After the state-court action is concluded, either the federal action would be mooted or plaintiffs' property rights would be established. In the latter event, the district court may need to require a further amended complaint before finally addressing the merits of this Sec. 1983 action.
Of course, the district court is not required to abstain; it may wish to decide directly in this action the threshold issue of plaintiffs' ownership. Whether that issue is decided in state or federal court lies within the district court's discretion.
We note for the guidance of the district court, should the case move past the state-law issue of plaintiffs' ownership of the subject properties, and should the federal issues need to be addressed in the future, the town and county have no Sec. 1983 immunity. Owen v. City of Independence, 445 U.S. 622, 100 S.Ct. 1398, 63 L.Ed.2d 673 (1980) (municipality not entitled to qualified immunity); Goldberg v. Town of Rocky Hill, 973 F.2d 70 (2d Cir.1992) (town was not entitled to absolute legislative immunity). In addition, the statute of limitations has not run on incidents that deprived plaintiffs of their property rights for those incidents that occurred after September 24, 1988. Further, the allegations of conspiratorial conduct in the amended complaint are, generally speaking, sufficient to state a claim. See Leatherman, --- U.S. ----, ---- - ----, 113 S.Ct. 1160, 1162-63 (1993).

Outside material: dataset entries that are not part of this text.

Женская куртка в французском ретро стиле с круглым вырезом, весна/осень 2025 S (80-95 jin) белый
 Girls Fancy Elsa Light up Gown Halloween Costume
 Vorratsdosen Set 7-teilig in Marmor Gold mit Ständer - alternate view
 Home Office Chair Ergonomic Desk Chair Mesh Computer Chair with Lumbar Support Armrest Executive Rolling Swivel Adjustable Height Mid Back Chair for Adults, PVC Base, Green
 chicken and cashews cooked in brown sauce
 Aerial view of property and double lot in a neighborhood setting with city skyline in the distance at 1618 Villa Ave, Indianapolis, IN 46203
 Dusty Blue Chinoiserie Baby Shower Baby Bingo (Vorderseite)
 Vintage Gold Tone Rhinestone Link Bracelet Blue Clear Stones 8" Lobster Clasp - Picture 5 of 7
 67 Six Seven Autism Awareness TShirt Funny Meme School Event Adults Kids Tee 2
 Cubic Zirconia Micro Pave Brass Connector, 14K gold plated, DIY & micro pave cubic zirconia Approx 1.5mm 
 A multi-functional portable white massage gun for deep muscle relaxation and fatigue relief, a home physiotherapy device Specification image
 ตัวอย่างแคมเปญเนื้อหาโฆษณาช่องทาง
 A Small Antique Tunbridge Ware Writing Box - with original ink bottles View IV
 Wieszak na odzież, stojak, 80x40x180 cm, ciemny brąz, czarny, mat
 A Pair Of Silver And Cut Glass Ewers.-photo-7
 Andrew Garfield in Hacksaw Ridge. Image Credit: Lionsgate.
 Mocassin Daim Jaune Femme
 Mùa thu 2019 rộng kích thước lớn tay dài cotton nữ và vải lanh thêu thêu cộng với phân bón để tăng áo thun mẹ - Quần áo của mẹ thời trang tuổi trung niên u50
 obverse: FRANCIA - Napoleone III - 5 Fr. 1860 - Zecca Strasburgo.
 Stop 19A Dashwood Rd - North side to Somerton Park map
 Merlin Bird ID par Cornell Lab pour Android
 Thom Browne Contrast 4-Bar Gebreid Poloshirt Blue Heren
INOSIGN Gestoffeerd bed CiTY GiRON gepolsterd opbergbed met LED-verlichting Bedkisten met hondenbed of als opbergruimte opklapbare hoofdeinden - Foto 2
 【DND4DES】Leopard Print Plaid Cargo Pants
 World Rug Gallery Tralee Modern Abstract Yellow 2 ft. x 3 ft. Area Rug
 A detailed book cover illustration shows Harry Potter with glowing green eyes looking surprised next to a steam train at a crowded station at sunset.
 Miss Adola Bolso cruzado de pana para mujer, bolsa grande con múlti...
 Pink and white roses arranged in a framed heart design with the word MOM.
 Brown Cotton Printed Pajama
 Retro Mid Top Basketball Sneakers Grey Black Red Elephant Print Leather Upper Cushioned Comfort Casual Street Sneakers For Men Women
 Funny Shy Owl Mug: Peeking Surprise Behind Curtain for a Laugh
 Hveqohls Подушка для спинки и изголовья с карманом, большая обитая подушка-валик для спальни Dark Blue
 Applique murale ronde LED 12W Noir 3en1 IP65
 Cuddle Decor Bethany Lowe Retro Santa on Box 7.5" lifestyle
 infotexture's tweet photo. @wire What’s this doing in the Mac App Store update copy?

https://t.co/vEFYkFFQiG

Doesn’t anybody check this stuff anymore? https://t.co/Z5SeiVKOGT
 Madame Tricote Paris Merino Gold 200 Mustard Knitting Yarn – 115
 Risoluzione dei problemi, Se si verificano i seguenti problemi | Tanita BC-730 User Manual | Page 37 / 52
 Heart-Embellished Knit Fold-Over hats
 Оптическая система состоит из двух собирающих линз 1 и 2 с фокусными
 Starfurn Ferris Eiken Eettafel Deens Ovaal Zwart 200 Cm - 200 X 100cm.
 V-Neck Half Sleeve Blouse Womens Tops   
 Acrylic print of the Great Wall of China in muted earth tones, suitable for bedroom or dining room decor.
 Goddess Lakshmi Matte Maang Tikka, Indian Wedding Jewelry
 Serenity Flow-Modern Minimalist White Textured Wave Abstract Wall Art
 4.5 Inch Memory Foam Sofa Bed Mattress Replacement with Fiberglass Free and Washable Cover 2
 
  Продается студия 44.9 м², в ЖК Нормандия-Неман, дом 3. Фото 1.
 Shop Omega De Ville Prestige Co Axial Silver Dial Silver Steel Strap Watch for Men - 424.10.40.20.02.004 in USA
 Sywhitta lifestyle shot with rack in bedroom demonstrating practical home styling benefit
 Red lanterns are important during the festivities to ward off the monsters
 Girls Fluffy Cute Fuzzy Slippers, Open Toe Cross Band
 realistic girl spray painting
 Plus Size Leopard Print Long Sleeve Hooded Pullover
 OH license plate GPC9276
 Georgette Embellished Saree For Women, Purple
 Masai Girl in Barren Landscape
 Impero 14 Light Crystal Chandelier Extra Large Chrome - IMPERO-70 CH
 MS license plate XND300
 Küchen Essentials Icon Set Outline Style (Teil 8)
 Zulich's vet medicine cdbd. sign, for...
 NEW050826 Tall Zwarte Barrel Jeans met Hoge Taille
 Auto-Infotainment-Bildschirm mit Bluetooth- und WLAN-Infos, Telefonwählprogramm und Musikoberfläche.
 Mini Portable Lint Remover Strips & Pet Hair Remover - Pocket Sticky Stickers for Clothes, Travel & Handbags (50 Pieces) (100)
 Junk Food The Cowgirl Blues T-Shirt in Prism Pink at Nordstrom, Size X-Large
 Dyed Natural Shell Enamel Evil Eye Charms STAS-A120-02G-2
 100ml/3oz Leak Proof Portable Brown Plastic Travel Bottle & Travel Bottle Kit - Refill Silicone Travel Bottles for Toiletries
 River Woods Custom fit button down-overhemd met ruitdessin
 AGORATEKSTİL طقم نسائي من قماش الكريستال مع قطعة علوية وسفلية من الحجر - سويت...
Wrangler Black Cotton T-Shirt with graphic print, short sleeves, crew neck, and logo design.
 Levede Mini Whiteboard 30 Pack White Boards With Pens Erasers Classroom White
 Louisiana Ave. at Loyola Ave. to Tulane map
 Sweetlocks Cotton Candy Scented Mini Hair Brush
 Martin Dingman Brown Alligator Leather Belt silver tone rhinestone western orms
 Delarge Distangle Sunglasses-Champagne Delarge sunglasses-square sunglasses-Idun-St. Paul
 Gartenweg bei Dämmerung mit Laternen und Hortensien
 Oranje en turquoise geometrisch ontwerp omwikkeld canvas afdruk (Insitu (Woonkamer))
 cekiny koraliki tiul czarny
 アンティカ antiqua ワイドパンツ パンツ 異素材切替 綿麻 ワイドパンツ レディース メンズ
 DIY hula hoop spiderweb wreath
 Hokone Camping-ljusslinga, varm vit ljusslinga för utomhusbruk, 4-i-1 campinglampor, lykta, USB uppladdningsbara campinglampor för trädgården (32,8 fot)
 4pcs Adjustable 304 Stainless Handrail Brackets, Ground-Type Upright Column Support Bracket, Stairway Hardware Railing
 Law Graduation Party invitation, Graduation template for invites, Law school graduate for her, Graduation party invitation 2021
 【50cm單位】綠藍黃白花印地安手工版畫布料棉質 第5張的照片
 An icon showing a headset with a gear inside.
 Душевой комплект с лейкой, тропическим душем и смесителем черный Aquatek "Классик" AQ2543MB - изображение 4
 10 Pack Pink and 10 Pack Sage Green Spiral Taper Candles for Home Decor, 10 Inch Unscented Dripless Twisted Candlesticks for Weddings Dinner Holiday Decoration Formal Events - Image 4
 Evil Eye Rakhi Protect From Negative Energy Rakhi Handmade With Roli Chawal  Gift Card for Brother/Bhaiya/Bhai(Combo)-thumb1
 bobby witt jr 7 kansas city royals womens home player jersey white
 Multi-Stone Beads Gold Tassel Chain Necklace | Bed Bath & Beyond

With respect to the claim alleged under 42 U.S.C. Sec. 1985, the district court was correct that there is no class-based private conspiracy described in the complaint, because there is no class-based animus alleged. Griffin v. Breckenridge, 403 U.S. 88, 103-04, 91 S.Ct. 1790, 1798-99, 29 L.Ed.2d 338 (1971). However, there is also alleged a conspiracy between private citizens and public officers. The allegations are therefore technically sufficient, because that type of joint conduct is actionable under Sec. 1983, Adickes v. S.H. Kress & Co., 398 U.S. 144, 150-52, 90 S.Ct. 1598, 1604-1605, 26 L.Ed.2d 142 (1970); Stump v. Sparkman, 435 U.S. 349, 354-55, 98 S.Ct. 1099, 1103-1104, 55 L.Ed.2d 331 (1978), so that plaintiffs' alleged Sec. 1985 claim merely duplicates part of their claim under Sec. 1983. Dismissal of the entire claim under Sec. 1985 is therefore appropriate because the claim is unnecessary.
We affirm that portion of the judgments that dismissed plaintiffs' claims under 42 U.S.C. Sec. 1985; insofar as they are viable claims, they merely duplicate plaintiffs' conspiracy claims under Sec. 1983 and are therefore unnecessary. In all other respects, we reverse the judgments of the district court and remand for further proceedings.